Transcript
JENNIFER LAVERS - Having spent ten plus years studying plastic pollution in the world's oceans, you get to the point where not really a lot surprises you anymore, but when you stand on a beach that looks like the beaches on Henderson Island, there's absolutely no denying that it's unique for all the wrong reasons and it takes your breath away. The one and only thing that came to mind, what I felt I absolutely had to do at that moment was tell the story of Henderson Island, show people what's happening out there, in the big blue, in places that are kind of out of sight, out of mind. It kind of struck me as one of those away places. When we think we are throwing something away, that miracle place that is away is places like Henderson island.
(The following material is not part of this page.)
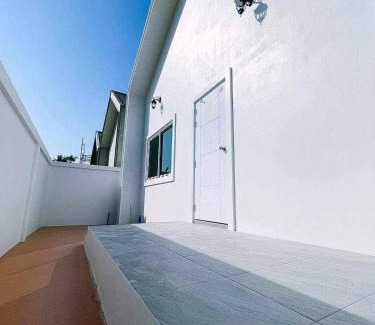 Thap Sakae House | Minimalism Pool Villa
That is ultimately where our rubbish is ending up, and that's not okay.
SELA JANE AHOLELEI - How does Henderson Island, an uninhabited atoll, accumulate so much rubbish?
JL - So Henderson, a key point to... Henderson is uninhabited and always has been, so there is no human population there. If ever there was a speck of land on this planet that should be pristine from end to end, it's Henderson. It's 5,000km from the nearest metropolitan centre. It's World Heritage listed. It's been on the UNESCO list since 1988. It's contained within the second largest marine park in the world. It's remarkably remote and special and yet here it is plagued with the waste of the modern world. It' s a problem, a real problem.
SJA - Comments around this new finding are comparing plastic pollution to climate change because of its threat to humanity. Is this fair to say?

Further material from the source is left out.